> _Task brief_
Transcribe word for word the section of the records below that opens with the line containing "LOVE Atlanta Georgia Keramisch Ornament" and closes with the line containing "WA license plate AST2146"; drop every picture.

> _Dataset entries_
<<<<

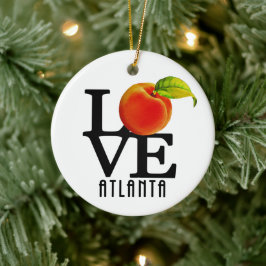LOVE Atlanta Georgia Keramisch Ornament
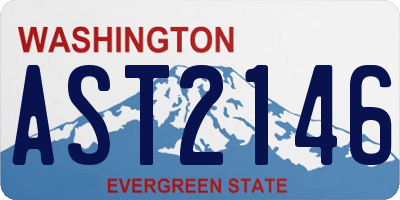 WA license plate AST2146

>>>>
<<<<

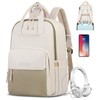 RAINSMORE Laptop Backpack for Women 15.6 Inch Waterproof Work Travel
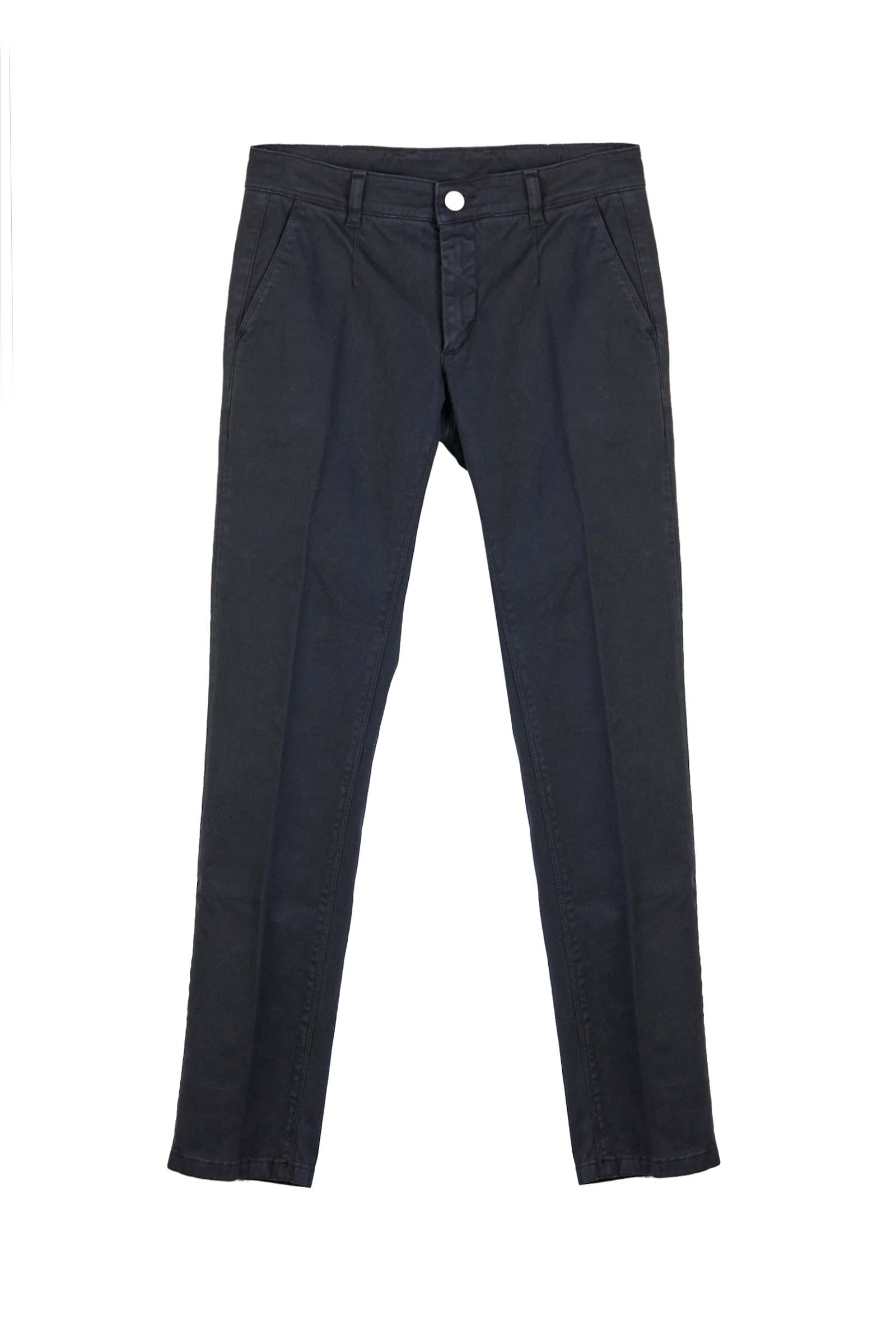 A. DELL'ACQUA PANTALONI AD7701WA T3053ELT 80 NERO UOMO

>>>>
<<<<

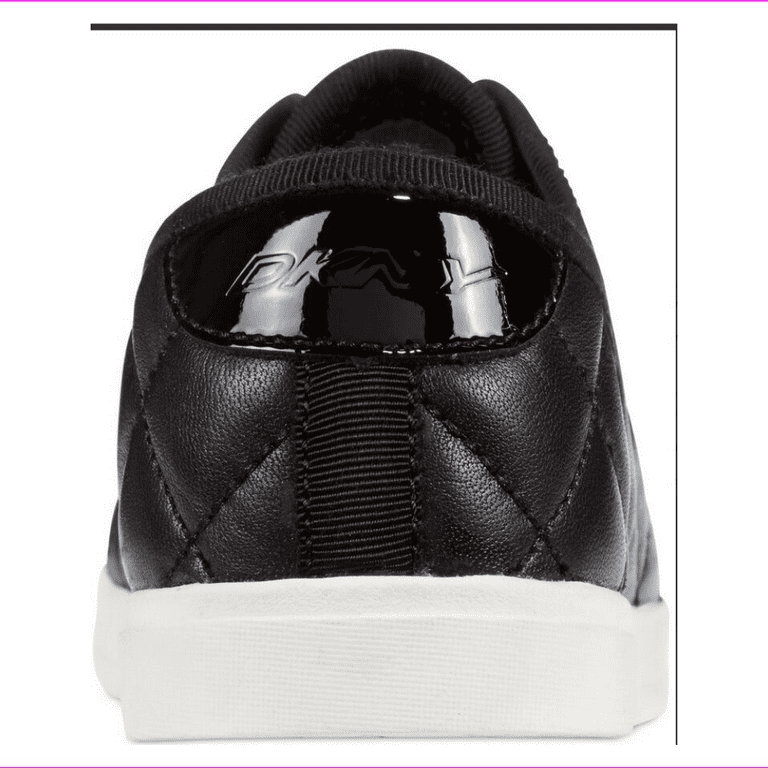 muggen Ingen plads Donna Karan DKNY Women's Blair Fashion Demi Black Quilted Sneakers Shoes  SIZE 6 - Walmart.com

>>>>

> _Task response_
LOVE Atlanta Georgia Keramisch Ornament
 WA license plate AST2146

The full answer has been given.